The wrath of God does not burn, but sweeps away the offensive existence, to dust or to banishment in the place carved and fueled by the sins of the wicked. For one as horrible as the beast who lay on the stones, the vampire's wrath was of the wicked sort, so as his crimson eyes opened to the boots, to the legs, and then to the face of the man he so hated who now crouched beside where he lay near the wall, his eyes blazed with flames that were ever constant and could not flicker and suggest that its fuel could possibly waver. Hate burned below as the brightness of a blue gaze shone from above, and the demon and the mortal watched one another.

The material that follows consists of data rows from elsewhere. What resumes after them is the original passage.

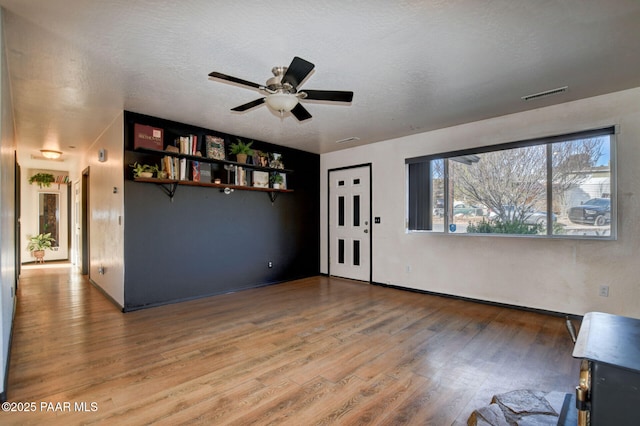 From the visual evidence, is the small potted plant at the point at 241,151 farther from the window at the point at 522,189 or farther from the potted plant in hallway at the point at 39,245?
the potted plant in hallway at the point at 39,245

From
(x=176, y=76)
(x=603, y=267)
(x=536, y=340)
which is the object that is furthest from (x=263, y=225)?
(x=603, y=267)

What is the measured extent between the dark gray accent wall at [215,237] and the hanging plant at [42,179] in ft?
19.0

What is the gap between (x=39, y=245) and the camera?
292 inches

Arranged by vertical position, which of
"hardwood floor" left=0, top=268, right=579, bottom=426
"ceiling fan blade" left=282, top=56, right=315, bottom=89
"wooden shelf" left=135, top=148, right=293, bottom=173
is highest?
"ceiling fan blade" left=282, top=56, right=315, bottom=89

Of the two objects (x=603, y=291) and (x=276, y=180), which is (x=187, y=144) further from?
(x=603, y=291)

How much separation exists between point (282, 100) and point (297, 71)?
0.33m

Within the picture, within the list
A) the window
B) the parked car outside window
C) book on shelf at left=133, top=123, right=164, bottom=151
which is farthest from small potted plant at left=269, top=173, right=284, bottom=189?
the parked car outside window

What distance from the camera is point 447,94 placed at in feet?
10.7

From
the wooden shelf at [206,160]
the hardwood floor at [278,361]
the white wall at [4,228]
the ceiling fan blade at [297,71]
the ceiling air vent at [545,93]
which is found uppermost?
the ceiling air vent at [545,93]

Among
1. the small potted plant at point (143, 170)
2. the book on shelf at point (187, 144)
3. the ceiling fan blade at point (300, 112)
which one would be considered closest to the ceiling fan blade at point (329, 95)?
the ceiling fan blade at point (300, 112)

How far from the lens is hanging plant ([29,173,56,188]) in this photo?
7531mm

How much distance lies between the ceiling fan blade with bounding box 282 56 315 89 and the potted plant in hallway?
8541 millimetres

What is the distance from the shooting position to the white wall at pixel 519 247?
3.17 m

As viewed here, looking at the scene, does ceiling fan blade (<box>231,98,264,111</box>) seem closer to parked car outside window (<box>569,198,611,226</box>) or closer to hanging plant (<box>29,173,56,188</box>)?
parked car outside window (<box>569,198,611,226</box>) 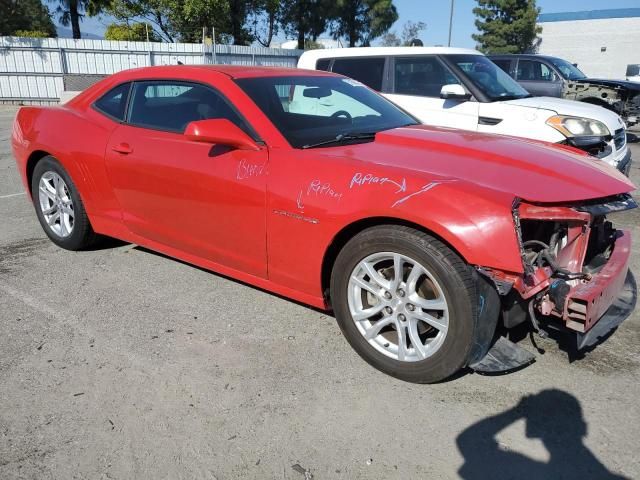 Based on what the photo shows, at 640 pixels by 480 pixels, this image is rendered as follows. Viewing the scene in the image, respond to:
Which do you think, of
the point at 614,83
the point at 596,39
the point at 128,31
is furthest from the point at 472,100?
the point at 596,39

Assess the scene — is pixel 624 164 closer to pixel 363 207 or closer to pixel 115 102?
pixel 363 207

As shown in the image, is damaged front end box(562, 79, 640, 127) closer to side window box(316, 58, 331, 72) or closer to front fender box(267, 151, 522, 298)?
side window box(316, 58, 331, 72)

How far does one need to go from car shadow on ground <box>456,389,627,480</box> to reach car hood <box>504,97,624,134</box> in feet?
14.6

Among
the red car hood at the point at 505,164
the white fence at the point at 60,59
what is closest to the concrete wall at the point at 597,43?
the white fence at the point at 60,59

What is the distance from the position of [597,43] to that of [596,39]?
352mm

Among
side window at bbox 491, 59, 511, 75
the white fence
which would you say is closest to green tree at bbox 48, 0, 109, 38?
the white fence

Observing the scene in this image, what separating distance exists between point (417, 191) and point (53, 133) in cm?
322

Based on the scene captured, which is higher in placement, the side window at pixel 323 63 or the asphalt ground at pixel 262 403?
the side window at pixel 323 63

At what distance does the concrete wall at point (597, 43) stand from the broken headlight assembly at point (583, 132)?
40.4m

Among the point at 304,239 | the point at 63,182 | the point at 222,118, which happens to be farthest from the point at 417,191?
the point at 63,182

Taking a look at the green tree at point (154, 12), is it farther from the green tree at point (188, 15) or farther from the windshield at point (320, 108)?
the windshield at point (320, 108)

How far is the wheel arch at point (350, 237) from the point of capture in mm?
2480

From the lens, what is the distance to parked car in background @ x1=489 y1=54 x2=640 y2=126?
11016 millimetres

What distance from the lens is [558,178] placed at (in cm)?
270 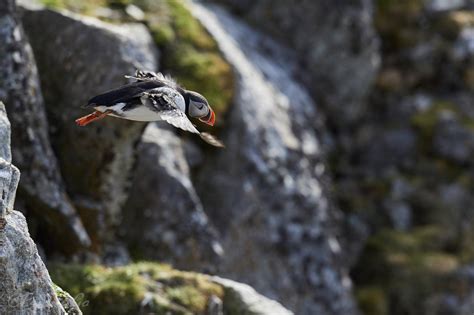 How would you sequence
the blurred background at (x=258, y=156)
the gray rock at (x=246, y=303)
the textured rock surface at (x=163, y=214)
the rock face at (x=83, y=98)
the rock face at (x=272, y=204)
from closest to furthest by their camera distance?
1. the gray rock at (x=246, y=303)
2. the blurred background at (x=258, y=156)
3. the rock face at (x=83, y=98)
4. the textured rock surface at (x=163, y=214)
5. the rock face at (x=272, y=204)

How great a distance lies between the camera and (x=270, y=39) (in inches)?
1184

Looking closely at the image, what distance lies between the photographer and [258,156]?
23562 mm

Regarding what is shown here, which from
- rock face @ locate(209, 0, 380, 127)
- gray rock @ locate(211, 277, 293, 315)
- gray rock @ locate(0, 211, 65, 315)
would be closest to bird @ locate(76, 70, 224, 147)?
gray rock @ locate(211, 277, 293, 315)

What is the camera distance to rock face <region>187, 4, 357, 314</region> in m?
22.9

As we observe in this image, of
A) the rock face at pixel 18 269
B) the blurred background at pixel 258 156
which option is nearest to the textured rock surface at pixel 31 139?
the blurred background at pixel 258 156

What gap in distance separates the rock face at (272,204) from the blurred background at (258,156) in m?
0.05

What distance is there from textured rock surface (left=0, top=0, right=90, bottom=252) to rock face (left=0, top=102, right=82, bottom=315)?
5.27 m

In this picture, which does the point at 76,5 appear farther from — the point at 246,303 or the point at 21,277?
the point at 21,277

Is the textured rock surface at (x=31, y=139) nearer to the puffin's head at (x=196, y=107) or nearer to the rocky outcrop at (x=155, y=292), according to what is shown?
the rocky outcrop at (x=155, y=292)

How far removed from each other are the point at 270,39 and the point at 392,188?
625cm

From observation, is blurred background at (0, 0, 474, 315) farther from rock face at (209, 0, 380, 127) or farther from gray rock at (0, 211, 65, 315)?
gray rock at (0, 211, 65, 315)

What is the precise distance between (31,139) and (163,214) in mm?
4343

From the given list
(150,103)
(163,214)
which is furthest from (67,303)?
(163,214)

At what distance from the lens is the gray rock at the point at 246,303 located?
14758mm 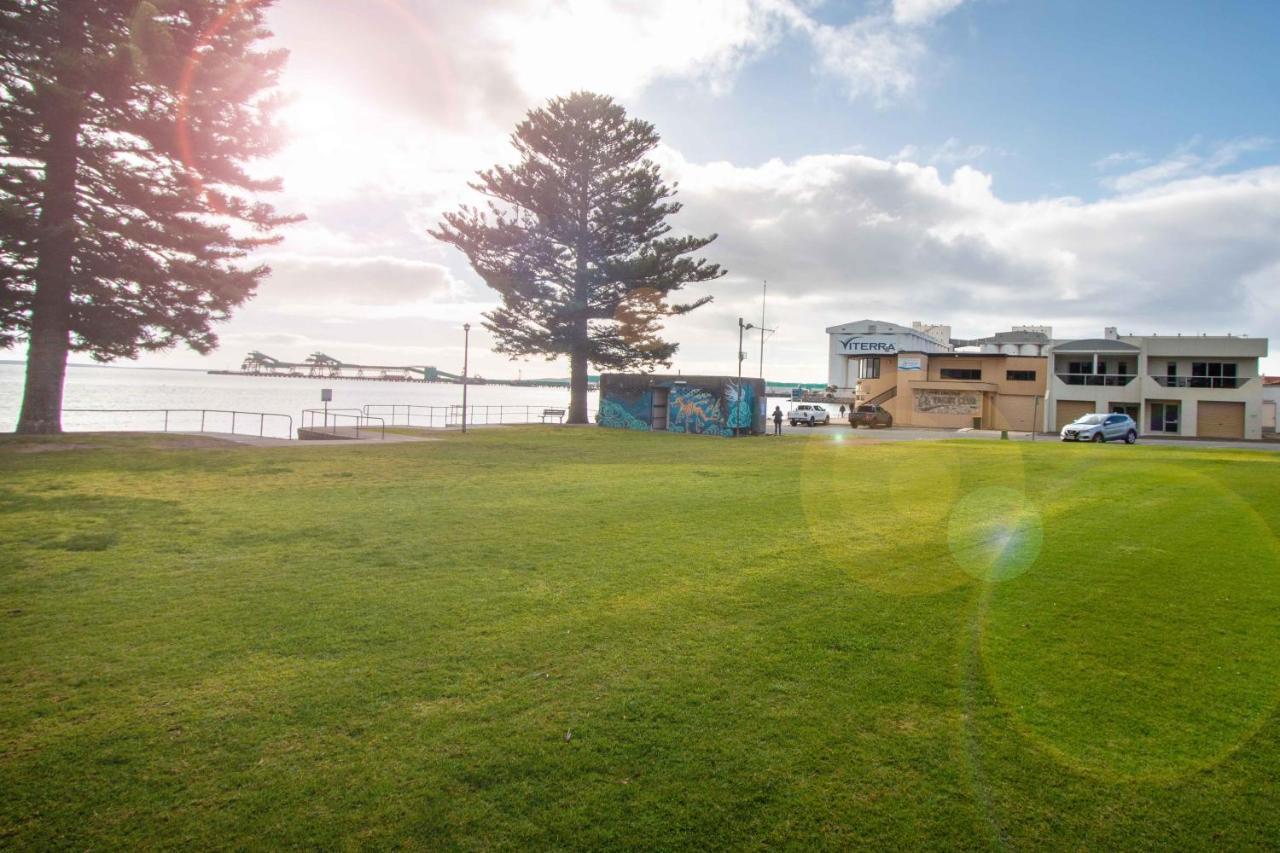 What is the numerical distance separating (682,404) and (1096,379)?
33328mm

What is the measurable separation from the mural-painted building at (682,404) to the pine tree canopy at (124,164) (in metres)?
20.9

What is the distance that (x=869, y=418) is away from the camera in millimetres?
49344

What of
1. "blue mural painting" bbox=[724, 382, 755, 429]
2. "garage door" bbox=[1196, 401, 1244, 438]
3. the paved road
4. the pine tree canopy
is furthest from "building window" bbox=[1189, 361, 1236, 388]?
the pine tree canopy

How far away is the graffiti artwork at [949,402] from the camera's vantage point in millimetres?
54438

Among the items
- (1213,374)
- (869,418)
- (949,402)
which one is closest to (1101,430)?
(869,418)

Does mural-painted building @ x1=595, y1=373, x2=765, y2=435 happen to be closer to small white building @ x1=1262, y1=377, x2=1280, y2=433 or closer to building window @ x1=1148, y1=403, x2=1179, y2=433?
building window @ x1=1148, y1=403, x2=1179, y2=433

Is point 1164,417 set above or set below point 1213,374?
below

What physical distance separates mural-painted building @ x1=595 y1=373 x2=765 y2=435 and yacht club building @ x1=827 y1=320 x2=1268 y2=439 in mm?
23414

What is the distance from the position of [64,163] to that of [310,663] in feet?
82.6

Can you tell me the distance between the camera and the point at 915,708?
485 centimetres

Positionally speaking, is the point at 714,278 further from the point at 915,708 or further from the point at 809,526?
the point at 915,708

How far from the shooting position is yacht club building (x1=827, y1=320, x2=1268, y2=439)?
161ft

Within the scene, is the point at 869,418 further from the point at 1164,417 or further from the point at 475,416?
the point at 475,416

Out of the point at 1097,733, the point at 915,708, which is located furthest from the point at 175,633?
the point at 1097,733
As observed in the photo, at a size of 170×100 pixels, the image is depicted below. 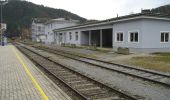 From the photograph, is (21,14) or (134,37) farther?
(21,14)

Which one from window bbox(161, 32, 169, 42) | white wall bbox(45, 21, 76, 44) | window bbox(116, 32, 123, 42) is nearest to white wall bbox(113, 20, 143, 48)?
window bbox(116, 32, 123, 42)

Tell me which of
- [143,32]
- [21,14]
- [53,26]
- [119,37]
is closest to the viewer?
[143,32]

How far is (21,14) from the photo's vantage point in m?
149

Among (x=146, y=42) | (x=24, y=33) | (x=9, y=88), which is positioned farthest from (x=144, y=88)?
(x=24, y=33)

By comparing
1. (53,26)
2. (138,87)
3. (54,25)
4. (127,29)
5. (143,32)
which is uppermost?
(54,25)

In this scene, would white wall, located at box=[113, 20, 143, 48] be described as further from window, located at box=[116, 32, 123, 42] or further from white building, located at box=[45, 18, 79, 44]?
white building, located at box=[45, 18, 79, 44]

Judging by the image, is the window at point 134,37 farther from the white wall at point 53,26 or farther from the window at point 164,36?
the white wall at point 53,26

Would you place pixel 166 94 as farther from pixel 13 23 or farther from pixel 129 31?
pixel 13 23

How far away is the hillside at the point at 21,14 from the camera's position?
143m

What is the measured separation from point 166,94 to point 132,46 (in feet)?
68.4

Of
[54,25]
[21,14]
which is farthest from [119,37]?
[21,14]

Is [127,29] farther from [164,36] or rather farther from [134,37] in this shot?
[164,36]

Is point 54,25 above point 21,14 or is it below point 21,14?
below

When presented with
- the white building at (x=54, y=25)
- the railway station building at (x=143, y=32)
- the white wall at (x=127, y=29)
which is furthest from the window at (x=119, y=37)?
the white building at (x=54, y=25) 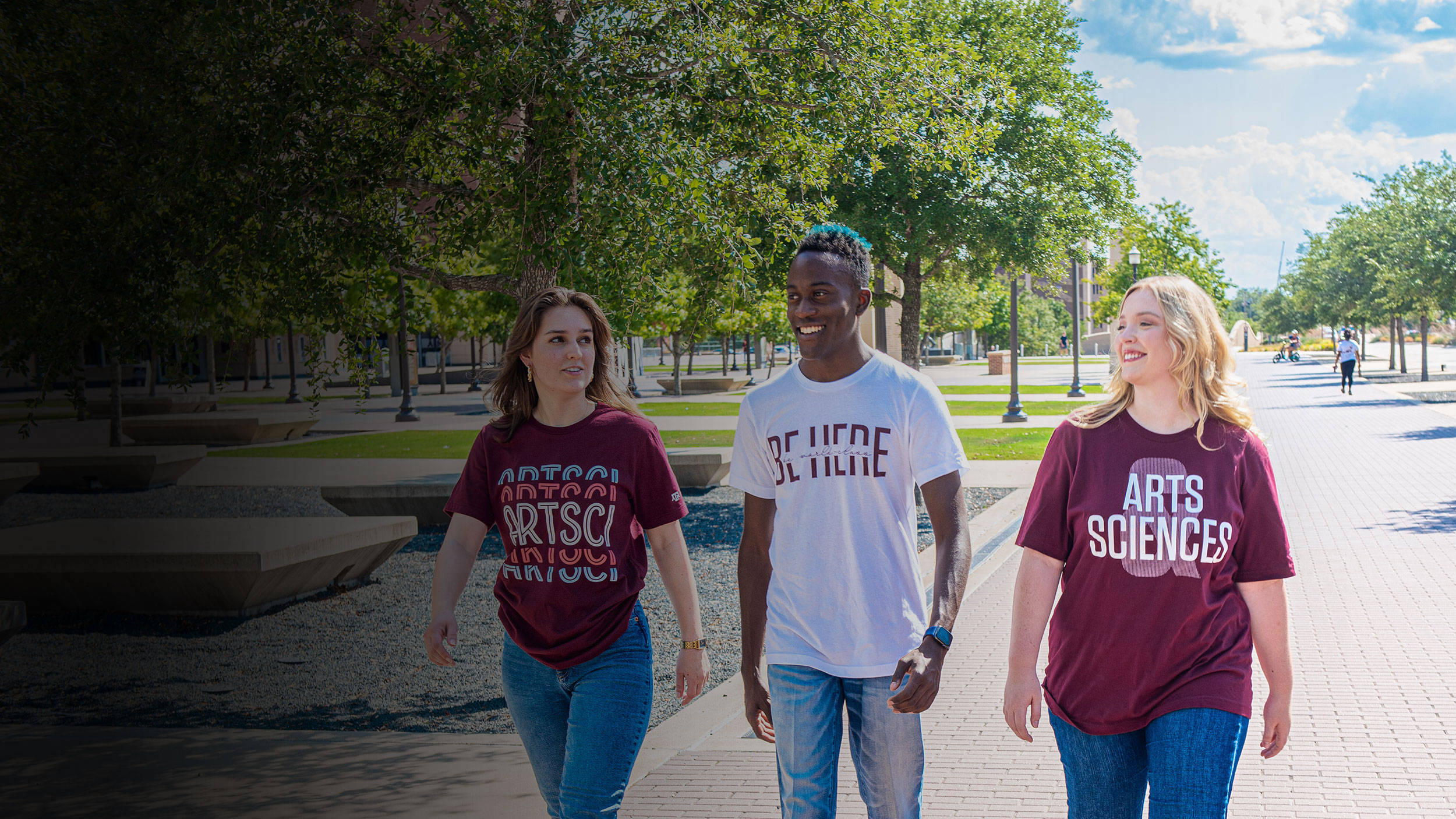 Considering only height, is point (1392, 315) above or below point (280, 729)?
above

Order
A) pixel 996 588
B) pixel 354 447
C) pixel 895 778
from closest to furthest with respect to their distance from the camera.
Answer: pixel 895 778
pixel 996 588
pixel 354 447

The light that the man had brought with him burned singly in the air between them, smoke rasping to its ancient self of the fondness it had of the two forces it viewed on either side of it and the destruction that must always rise between them. The light illuminated the features of the living and the dead, shadows defining the face of Van Hellsing and allowing him to see the face of what had once been called a Count as well as Dracula. But now the pale visage of the damned was to be called Alucard, and Hellsing pronounced that name as he lowered a metal pitcher, specifically a sauce boat, he had been carrying, the sharpness of the sound distracting the vampire. Afterwards, the demon's gaze would not move from it.

The door remained open behind Hellsing and two men, equipped like soldiers and each carrying something in their arms, stood watching in the doorway. The humiliation of a fallen king would always have an audience in attendance.

A bottle was uncorked after the light had been placed on the stones to free the man's hand, and a sickening substance came from it. But it was one Van Hellsing had forced himself to become numb to, so he was able to look on with eyes that said this was merely a trivial chore as liquid flowed out in a repulsive, often broken stream and congealed lumps made little splashes in what became a nauseating soup of gore. The pouring of the blood was done here for the sake of using the vampire's hunger against itself, so that the fragrance would be stronger – falling through the air, the scent, to the vampire's nose, would fill every crack and crevice in the cell and it would hang about the demon like an invisible fog, sometimes impairing its judgment. Abraham Van Hellsing let his eyes watch the pitcher he was now filling to make sure that he did not spill the blood. However, a light spray from the splashes the lumps made speckled his thoroughly stained gloves – which were white, perhaps, in order to intimidate the man's inmates, the various specimens and breeds of monsters which were kept below in his dungeon where he ran tests and experimented, devising and improving the ways in which he went about destroying them…and the ways in which he punished them. They were all to be punished somehow while they dwelled in the darkness, in which, for once, man reigned supreme while the monsters quaked in fear.

Or, perhaps, he wore the soiled gloves as he roamed the depths of the Earth to show that his hands were stained by his deeds of justice only there, and above he would remove the soiled cloth and don gloves of the purest white to show that his soul was spotless, never to be tainted by the foul substance that leaked from the bodies of the demons. He was all Goodness, a brightness that swept the evil creatures away and turned them to dust that fell between the crevices in the Earth to descend into the destined pit of fire. And he fed the flames with a steady stream of wicked souls, all of which he cast down with his blood stained gloves and pure fists of judgment.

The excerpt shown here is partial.